Numerous layered semiconductors, such as members of transition metal dichalcogenides (e.g. WS2 and MoS2) are naturally abundant and can be made accessible in large quantities in a printable form by liquid phase exfoliation (LPE), which converts the parent crystal into liquid dispersed nanosheets. However, presently little is known about the influence of particular dispersion media, geometry of the flake constituents (i.e. mean flake length and number of layers), the chosen deposition approach, and post processing on the resulting SNN properties.
In particular, it is unknown how to produce sufficient quantities of monolayer enriched inks and a means of depositing them in a manner that prevents flake restacking, such that printed networks with direct bandgap characteristics can be retained. Such networks could then be investigated for optoelectronic applications, such as light-emitting FETs.
Importance for society:
By combining versatile and scalable solution-processing methods with the excellent solid state properties of layered crystalline nanomaterials, it is hoped that this work will lead to a wide range of applications in printed electronics. It is envisaged that this approach will give rise to applications that are impossible using traditional manufacturing approaches (i.e. based on silicon), such as devices that are mechanically deformable (i.e. flexible and stretchable) when deposited on plastic foil substrates, and easily customised for diverse purposes. Such high performance printed electronics, when realised, will enable the integration of electronic functionality in new locations and situations where numerous applications will be found, such as inexpensive hardware for the Internet of Things.
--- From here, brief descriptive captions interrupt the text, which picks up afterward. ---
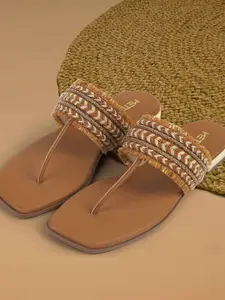 Metro Women Ethnic - Embellished T-Strap Flats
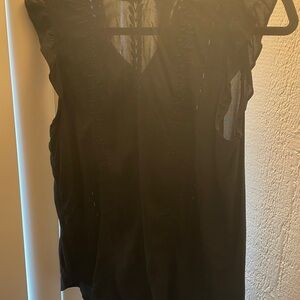 LOFT Black Embroidered Blouse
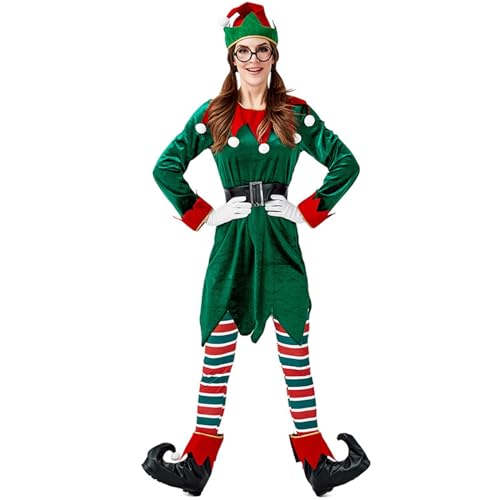 NSASL Damen Und Herren Weihnachtselfenkostüm,Erwachsene Weihnachts Cosplay Party Kostüm,Weihnachtsmann Helfer Elfen Outfit (Color : A, Size : M) von NSASL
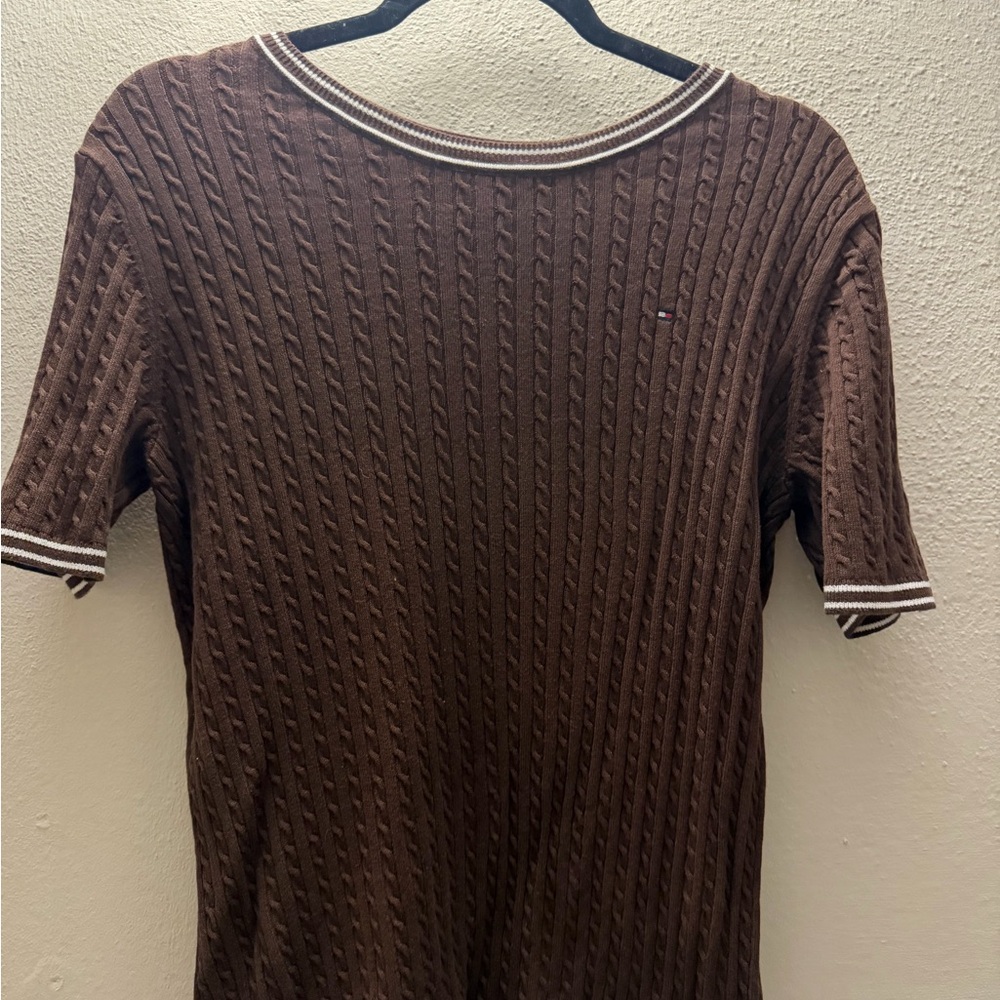 Tommy Hilfiger Brown Cable Knit Short Sleeve Top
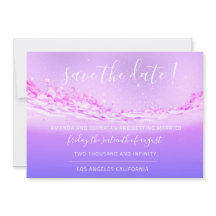 Save the Date Lila rosa tropischer Ozean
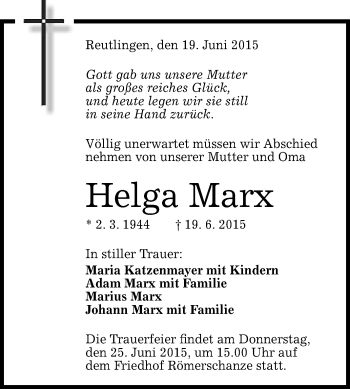 Anzeige von Helga Marx von Reutlinger Generalanzeiger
The overall research objectives were: (1) to prepare size selected inks by liquid phase exfoliation, (2) process these into nanosheet networks with controlled morphology and composition using industrially relevant solution deposition methods, (3) fabricate electrolyte-gated field effect transistors based on these nanosheet networks and (4) characterise their electronic transport properties under electrochemical control, especially those produced to retain monolayer properties with the intent to demonstrate electroluminescence from these printed SNNs for the first time. Following this, we wish to (5) realise all-printed E-gated FETs by printing all of the device components, i.e. the SNN channel material, as well as nanomaterial based metal contact and gate electrodes.
The obtained results were primarily exploited through presentations (talks and posters) at a number international conferences, including a Hengstberger Symposium at the Internationales Wissenschaftsforum Heidelberg.
The demonstration of ambipolar transport behaviour (simultaneous injection of electrons and holes) is a requirement for subsequent demonstration of light-emitting FETs based on printed semiconducting nanosheet networks. Hence, the completed work marks important progress towards the realisation of high performance printed electronics based on layered nanomaterials.